A small group of bedraggled Middlebury constituents pulled up to the New England Chapter of the 2008 American College Dance Festival on a dreary Thursday over February break. After milling around the grey grounds of Connecticut College, we made our way to catch the end of the first round of student performances at Palmer Auditorium, a somber modern building that sits on the edge of the strip. After a few 10-minute student performances in various genres and stages of evolution, and all with apparently unbounded costuming budgets, the lights came up. Middlebury Professor of Dance Andrea Olsen miraculously appeared to meet us in the mezzanine, making an affectionate sweep of the rows of red velvet seats below. In this very theatre - she told us, her eyes widening - Merce Cunningham had made his debut of Wintersong. A solid hour of darkness on stage save a few random flickers of light, revealing a shoulder here, an ankle there. Everyone but a few brave souls had walked out. (She had been counted among the brave, whether by accident or choice, as she was ushering at the theatre that night.) This place had witnessed greatness. It had witnessed tomfoolery - and often probably something bordering on the two.

Rising in animated gangs from the audience were a few hundred dancing co-eds from state, community and private schools across the Northeast, some in matching Olympian tracksuits. Handfuls of semi-famous dance figures were strewn about in the crowd. Seated at an improvised plywood table loaded with tangerines and water bottles were the three adjudicators of the conference: the radiant Bebe Miller, the slender tapper Thomas DeFrantz and JoAnna Mendl Shaw, the fierce contemporary choreographer most recently known for her dances with horses.

Over the next few days, conference attendees alternately attended three technique classes a day, hunted out Holiday Inn hallways in which to practice the dances they'd brought to perform, sat through three-hour long sessions of student showcases and then listened to equally rigorous analyses of those works from the adjudicators. One way or another, there was a lot of dancing. A troupe of immaculate ballet-dancers from Harvard presented a very geometrical dance en pointe to Phillip Glass. A Rutgers graduate student stood for many minutes in front of a video projector shaking her head wildly and there was a rumor that one of the girls in the pink-taffeta number lost her cookies on stage (her cover-up was first-class).
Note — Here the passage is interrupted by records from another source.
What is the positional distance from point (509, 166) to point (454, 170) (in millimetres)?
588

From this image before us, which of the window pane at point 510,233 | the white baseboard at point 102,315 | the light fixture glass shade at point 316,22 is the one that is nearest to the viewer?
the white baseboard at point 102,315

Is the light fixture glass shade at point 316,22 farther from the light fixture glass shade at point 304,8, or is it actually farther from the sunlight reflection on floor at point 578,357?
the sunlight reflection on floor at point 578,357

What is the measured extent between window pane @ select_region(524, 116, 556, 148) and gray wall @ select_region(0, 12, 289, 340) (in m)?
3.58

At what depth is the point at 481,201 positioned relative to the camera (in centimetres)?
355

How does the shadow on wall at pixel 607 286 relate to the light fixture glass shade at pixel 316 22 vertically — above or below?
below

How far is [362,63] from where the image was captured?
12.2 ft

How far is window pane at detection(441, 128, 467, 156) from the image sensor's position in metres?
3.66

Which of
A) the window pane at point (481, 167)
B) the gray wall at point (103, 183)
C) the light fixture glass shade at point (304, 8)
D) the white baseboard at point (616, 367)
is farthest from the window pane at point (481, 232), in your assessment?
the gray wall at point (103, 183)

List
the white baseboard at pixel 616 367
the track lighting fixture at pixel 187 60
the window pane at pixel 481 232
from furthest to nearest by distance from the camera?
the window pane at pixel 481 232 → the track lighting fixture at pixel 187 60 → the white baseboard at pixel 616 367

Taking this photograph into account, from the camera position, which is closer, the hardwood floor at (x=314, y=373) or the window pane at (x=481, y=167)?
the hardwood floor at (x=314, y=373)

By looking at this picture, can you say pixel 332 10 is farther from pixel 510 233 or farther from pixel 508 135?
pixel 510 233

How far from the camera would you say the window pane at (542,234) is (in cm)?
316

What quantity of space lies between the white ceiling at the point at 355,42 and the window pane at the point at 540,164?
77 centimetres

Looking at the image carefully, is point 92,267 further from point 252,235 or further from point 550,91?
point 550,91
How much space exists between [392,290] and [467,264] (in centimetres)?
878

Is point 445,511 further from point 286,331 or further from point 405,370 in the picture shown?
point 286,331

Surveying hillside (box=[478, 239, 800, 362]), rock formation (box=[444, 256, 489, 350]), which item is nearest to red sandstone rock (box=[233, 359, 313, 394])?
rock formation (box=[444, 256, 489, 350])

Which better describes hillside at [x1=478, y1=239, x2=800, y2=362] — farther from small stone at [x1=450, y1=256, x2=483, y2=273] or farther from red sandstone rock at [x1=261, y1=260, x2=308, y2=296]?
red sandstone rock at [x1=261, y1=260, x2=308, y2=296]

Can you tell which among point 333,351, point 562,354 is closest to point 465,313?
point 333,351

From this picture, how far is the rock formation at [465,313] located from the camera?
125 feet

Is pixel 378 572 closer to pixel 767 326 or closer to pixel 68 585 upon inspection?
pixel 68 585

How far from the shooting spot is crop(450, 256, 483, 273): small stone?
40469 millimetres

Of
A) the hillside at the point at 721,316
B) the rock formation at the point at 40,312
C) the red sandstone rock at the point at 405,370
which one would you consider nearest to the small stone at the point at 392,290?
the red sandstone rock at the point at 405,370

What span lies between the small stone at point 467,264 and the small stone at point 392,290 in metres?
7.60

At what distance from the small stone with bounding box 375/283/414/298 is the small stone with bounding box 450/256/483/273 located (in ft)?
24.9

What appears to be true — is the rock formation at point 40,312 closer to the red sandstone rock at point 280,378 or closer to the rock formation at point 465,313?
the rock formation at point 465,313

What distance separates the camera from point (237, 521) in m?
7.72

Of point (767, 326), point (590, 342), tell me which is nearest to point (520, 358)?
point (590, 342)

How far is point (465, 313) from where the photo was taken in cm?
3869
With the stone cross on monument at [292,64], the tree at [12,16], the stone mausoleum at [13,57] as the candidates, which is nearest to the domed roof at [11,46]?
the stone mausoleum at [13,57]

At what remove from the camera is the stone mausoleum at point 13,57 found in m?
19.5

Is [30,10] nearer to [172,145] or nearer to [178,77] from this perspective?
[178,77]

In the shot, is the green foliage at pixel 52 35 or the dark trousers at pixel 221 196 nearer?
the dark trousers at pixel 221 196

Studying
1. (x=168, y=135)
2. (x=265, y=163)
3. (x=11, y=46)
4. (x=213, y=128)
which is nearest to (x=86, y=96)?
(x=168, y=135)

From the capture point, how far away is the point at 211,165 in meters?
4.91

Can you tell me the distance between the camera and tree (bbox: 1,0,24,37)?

Among the highlights of the student offerings was a disarmingly witty commentary on modern dance from Hampshire College, which included four dancers galloping around stage singing "we don't dance to music, we don't dance to music" and holding up cardboard signs with slogans like "I don't get it." A deafeningly dark piece from Connecticut College was performed in 1950s prep school outfits. A duet from Middlebury College, which was among those chosen to continue to the National Chapter in New York this June, paired the athletic power of Simon Thomas-Train '09 and the dynamism of pint-sized Yina Ng '09 in a fiery and sensual duel.

At the adjudication session on Saturday morning, the three judges reflected on a tension they'd noticed throughout the weekend - the distinction between movement that is decorative and movement that is somehow more significant. Even throughout the radicalism of earlier decades - the days of Wintersong - dance has precariously skirted the line between spectacle and statement, struggling to balance artistic progressivism with the necessities of ticket sales and a sense of humor. Today, there's Momix doing fabulous stunts in baseball uniforms, but there's also plenty of humanity, political outrage and minimalism in the dance world. The judges wondered why Harvard had regressed to the forms of the early 19th century, but they also wondered whether significance meant meaning or meaning meant significance, and whether you needed either to make an arabesque worthwhile. We left the lecture room feeling as though we'd been in a wrestling match - provoked, restless, glowing.

At a talkback on the final afternoon of the conference, DeFrantz put the question of aesthetics and ethics aside. Turning to his own life, he mentioned that he had been working doggedly on a project for five years, a project based on the belief that "beauty is entirely productive." It was with this assumption in mind that a few hundred dancers dispersed from New London on Sunday morning, returning quietly to their studios to start generating pieces for next year.